BoomStarcuc / GeneSegNet

MIT License
14 stars 2 forks source link

Training on my own data #2

Open pakiessling opened 10 months ago

pakiessling commented 10 months ago

Congratulations on the publication!

I am interested in trying it out with my own data and I have some questions:

  1. Is the image size 256 x 256 the one you recommend?
  2. Can one also use cell border staining or is nuclei staining prefered?
  3. How exactly does my input need to be formated? Just Spot X,Y, ground truth and staining images?
  4. Any recommendation on generating the ground truth masks? Did you just use another segmentation algorithm for this?

Thank you!

BoomStarcuc commented 10 months ago

Hi

Thank you so much for your kind words and interest in our work!

To address your questions:

  1. Yes, we recommend an image size of 256 x 256 as this is the dimension we conducted all experiments. However, you might experiment with different sizes depending on the specifics of your data. To generate different image sizes, please modify the following preprocess codes: https://github.com/BoomStarcuc/GeneSegNet/blob/d8ce4302fc5da880b6322e2d0ac821ad7fa58f5b/preprocess/Generate_Image_Label_locationMap.py#L167-L176

  2. We primarily used nuclei staining in our experiments as we aimed to predict cell boundaries using nuclei staining images combined with gene expressions as input.
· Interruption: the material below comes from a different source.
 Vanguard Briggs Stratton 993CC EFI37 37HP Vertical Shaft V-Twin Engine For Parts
Although not explicitly tested in our study, our model is adaptable and can process various types of images, such as cell border staining or a combination of nuclei and cell border staining images. It's essential, however, that the image adheres to a standard image format. Furthermore, if you opt for different types of inputs, you might need to adjust the 'chan' parameter within the network to match the number of your input channels. For more details, please refer to the "chan" parameter in the “Training from scratch” section.
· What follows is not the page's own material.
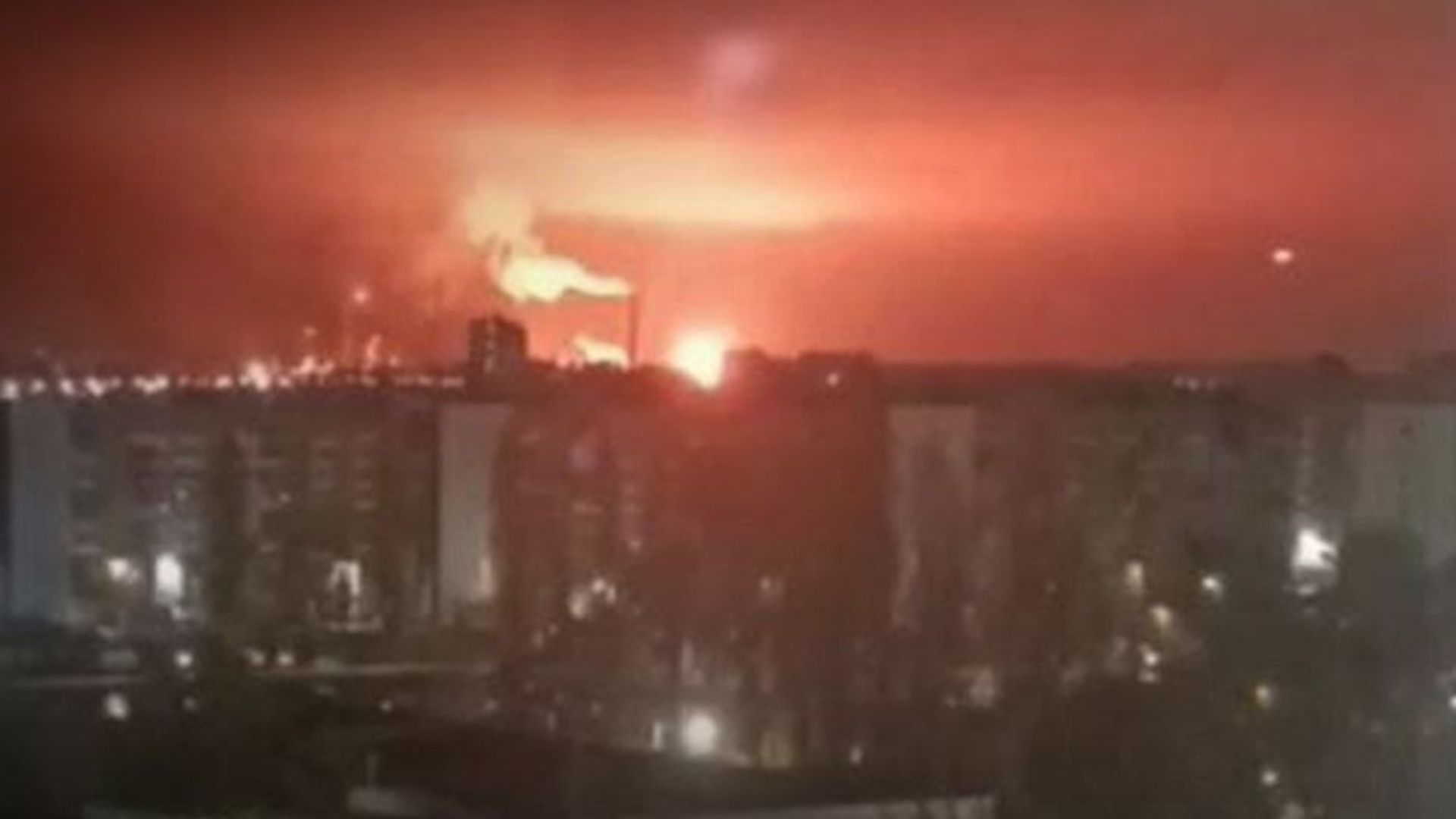 ВСУ поразили НПЗ в Саратове и нефтебазу в Феодосии, объекты в Донецкой области - новости Украины - 24 Канал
  3. Please see the Data preprocess section to process your own data. Yes, initially all you need as input data are gene expressions (Spot x, Spot y, and gene), staining image, and training annotations. Here, if you do not have the gene info, please ignore the info since the gene info only is used on RNA-based methods, such as Baysor and JSTA.
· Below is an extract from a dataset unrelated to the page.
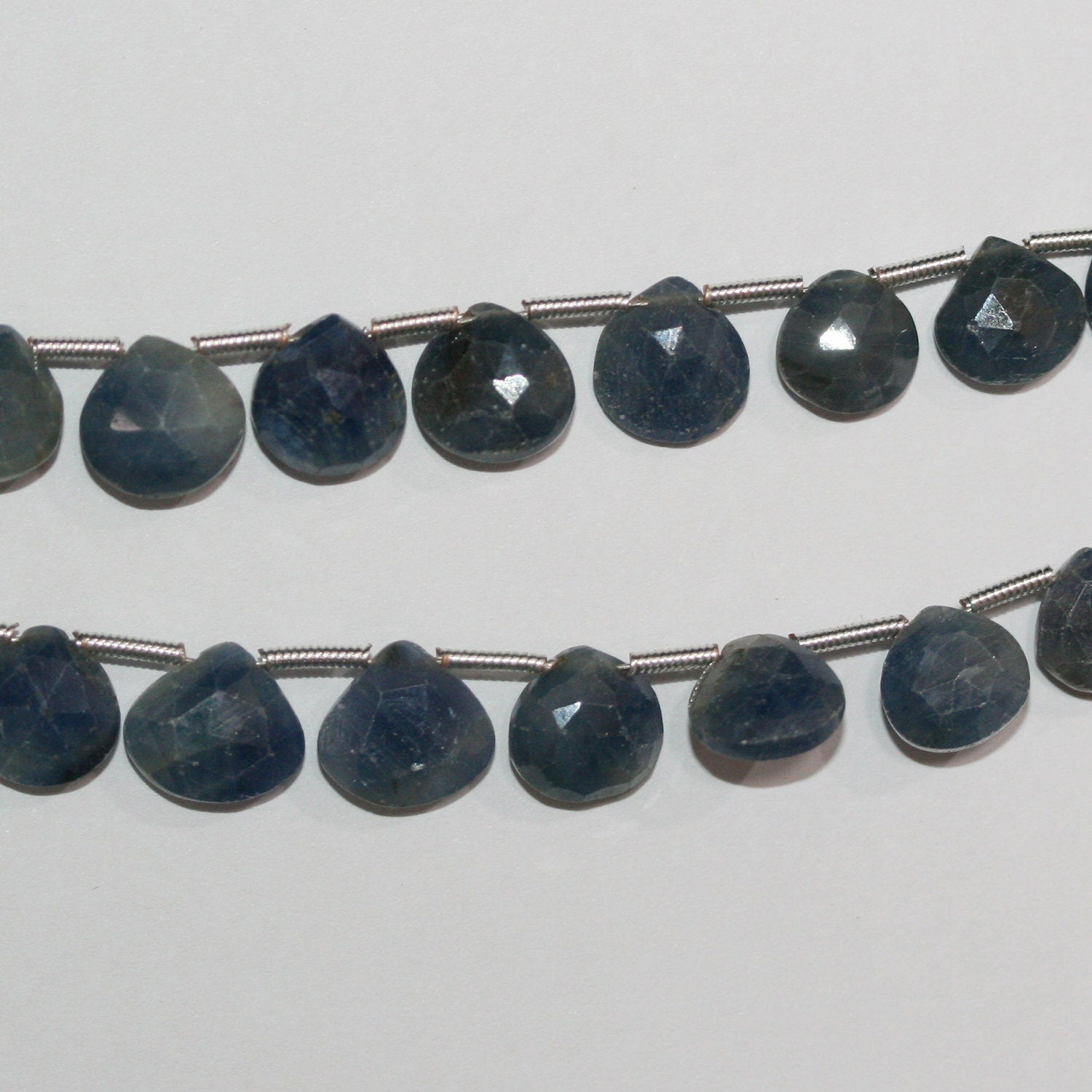 Perles en saphir facetté en forme de goutte de 8 pouces (8-9 mm). - Fil de 20 mm.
  4. For the datasets we used in our paper, the annotations in the Hippocampus and NSCLC datasets are downloaded from their official website and the annotations in the simulation dataset are generated by a toolbox (see link: https://cbia.fi.muni.cz/simulator/). If you want to generate annotations in your real data, I have followed several recommendations: (1) Completely manual annotation. While it is time-consuming, manual annotation can get good results. (2) Combination of pre-trained models of existing cell segmentation algorithms and manual correction. First, run all your images on the pre-trained model, and then manually correct incorrect cell segmentations.